The Greek debt crisis is not on the official agenda at this week's G8 meeting, but it's certainly top of mind for policymakers gathering in Deauville, France.
"It is a fantasy and a folly" to believe a Greek debt restructuring can be avoided, says economist Peter Morici, a business professor at the University of Maryland. "Sooner or later Greece will have to restructure its debt."
Morici compares Greece to a homeowner who makes $100,000 a year but owes $1 million on a mortgage. "There's no debt extension that's going to work…other than writing down some of the debt," Morici says. "Sooner or later the Greek creditors…are going to have to take a big haircut."
Those creditors include German and French banks, which is why "this is a much a banking crisis as it is a sovereign debt crisis," he says. (See: A Greek Default Won't Be 'Contained', John Mauldin Says)

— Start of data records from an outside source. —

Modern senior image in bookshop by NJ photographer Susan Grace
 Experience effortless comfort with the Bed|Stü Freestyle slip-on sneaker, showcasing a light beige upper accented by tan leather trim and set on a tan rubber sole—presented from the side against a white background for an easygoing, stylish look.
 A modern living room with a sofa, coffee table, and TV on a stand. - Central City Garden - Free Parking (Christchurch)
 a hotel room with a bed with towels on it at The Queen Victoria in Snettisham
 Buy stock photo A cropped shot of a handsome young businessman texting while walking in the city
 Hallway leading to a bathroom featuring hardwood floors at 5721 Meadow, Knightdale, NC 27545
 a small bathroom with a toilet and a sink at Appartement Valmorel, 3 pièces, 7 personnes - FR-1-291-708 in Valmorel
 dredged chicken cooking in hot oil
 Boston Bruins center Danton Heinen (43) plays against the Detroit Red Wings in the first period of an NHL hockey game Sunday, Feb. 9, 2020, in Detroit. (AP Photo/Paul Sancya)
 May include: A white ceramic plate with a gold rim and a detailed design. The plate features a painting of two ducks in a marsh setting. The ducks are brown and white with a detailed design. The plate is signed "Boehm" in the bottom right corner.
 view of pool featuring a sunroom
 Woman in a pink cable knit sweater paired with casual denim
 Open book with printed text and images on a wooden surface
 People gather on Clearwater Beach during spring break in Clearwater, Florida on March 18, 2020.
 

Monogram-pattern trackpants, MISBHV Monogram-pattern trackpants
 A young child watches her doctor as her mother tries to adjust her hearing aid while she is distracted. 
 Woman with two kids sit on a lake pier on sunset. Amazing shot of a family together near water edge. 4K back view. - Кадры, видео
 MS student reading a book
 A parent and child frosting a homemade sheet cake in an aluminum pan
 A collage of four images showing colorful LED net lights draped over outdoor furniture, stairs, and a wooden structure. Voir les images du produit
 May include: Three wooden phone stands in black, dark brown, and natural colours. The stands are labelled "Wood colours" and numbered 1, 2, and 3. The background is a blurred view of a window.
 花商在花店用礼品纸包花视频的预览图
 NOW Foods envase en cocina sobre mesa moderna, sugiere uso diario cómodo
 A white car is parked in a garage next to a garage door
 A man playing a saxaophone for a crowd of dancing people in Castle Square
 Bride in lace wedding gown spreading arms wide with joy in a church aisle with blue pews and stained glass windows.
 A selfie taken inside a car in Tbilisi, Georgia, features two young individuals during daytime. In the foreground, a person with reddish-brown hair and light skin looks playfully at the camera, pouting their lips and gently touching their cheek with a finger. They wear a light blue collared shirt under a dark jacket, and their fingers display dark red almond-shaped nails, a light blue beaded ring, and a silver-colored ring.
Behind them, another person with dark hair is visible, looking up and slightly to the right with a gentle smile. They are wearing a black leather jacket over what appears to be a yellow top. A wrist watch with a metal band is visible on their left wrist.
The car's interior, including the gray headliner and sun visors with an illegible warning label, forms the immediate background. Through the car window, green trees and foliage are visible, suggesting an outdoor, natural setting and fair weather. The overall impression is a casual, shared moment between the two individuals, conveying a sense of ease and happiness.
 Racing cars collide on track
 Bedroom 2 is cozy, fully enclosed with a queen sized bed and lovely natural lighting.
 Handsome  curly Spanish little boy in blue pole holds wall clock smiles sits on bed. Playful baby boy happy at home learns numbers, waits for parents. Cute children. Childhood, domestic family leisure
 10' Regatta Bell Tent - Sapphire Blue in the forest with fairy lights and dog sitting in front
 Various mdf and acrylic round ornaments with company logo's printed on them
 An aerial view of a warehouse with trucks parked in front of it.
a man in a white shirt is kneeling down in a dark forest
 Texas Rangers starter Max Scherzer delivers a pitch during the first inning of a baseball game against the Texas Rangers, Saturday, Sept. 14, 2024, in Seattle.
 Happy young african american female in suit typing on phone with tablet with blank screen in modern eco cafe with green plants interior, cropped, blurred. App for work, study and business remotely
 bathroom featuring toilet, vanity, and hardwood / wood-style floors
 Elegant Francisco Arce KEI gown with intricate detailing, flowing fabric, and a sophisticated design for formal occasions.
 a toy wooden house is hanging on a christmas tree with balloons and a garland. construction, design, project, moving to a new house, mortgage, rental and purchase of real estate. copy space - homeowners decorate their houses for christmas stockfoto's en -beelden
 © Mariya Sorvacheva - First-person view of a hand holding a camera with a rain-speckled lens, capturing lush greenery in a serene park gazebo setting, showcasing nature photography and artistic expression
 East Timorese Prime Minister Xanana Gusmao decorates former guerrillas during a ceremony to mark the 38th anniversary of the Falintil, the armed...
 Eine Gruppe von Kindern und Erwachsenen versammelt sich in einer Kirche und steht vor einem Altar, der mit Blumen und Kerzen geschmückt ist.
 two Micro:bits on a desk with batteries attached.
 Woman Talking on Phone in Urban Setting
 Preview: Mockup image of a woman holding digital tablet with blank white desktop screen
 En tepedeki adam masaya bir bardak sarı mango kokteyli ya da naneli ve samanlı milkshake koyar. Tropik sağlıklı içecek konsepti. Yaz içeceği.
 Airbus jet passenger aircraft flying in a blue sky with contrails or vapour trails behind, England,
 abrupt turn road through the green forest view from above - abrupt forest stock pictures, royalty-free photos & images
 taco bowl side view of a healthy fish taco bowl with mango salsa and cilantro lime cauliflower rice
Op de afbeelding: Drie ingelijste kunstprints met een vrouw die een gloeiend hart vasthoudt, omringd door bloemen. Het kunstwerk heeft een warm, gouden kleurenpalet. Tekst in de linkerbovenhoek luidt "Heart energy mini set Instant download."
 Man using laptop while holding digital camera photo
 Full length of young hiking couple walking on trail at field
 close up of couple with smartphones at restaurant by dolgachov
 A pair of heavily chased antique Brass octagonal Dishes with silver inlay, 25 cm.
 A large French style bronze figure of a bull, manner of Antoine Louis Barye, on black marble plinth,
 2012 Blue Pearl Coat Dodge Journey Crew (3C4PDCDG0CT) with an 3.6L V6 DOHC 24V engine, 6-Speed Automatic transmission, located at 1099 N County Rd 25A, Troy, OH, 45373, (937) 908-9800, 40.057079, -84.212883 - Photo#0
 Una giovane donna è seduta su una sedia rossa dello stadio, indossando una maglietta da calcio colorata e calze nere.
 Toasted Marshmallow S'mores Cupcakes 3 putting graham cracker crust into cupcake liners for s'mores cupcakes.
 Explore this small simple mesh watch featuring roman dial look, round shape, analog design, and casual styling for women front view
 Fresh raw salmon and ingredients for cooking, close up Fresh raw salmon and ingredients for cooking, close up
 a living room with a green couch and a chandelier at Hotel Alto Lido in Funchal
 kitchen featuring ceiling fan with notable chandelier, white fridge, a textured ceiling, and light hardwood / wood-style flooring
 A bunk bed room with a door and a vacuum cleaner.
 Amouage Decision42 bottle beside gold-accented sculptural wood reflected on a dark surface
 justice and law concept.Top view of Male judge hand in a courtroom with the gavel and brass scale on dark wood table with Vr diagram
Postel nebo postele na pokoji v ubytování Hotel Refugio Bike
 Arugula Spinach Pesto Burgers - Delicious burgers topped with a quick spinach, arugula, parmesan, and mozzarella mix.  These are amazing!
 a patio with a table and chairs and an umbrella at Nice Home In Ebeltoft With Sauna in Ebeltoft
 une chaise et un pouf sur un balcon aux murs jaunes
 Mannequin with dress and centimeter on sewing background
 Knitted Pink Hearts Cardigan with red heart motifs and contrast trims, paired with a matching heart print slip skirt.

As a result, EU policymakers seem determined to kick the proverbial can down the road as far as possible, in order to 'buy time' for Spain and Italy. Just papering over the problem with more money — either from German taxpayers or the ECB - won't fix what caused the problems in the first place, which is the very idea that European monetary union makes sense in the first place. Still, "buying time" may prove irresistible to policymakers, Morici says.
"Politicians are like children in a candy story," he says. "They don't worry about the cavities they will receive or the money their parents will have to pay filling those cavities. They just want their candy now."